Published in the Journal of Communication, a new study found people in long-distance relationships have more meaningful interactions and higher levels of intimacy compared to couples who see each other every day.
For the research, 63 couples in their early 20s were surveyed online. On average, the couples in the study had been separated for 17 months, usually due to attending different colleges.
Dr. Crystal Jiang, of City University of Hong Kong, and Dr.

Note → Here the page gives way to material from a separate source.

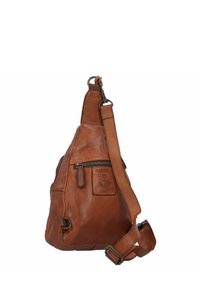 Borsa a tracolla in pelle marrone con una sola tracolla regolabile, una tasca davanti con zip e un'etichetta con logo. Texture liscia con forma leggermente arrotondata.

Jeffrey T. Hancock, assistant professor of communications at Cornell University, suggested it is the limited amount of quality time together that explains the distinction.
“Those in long-distance relationships were
found to have more meaningful interactions.”
“Besides communication frequency, they also adapt their messages, for example, by focusing on more limited but relationally intense topics,” Jiang said. “The intimacy developed here is a psychological closeness – it doesn’t include physical or sexual intimacy.”
Researchers tracked the quality of communication (face to face, phone calls, email, texting, instant messaging and video chat) reported by participants for a full week.
While long-distance couples were found to have less contact online, they did utilize more tools to connect directly, including video chat.
Among U.S. college students, Jiang estimates 25 to 50 percent are currently in long-distance relationships. She points out these numbers would likely not have been seen without the Internet connecting people often a world away.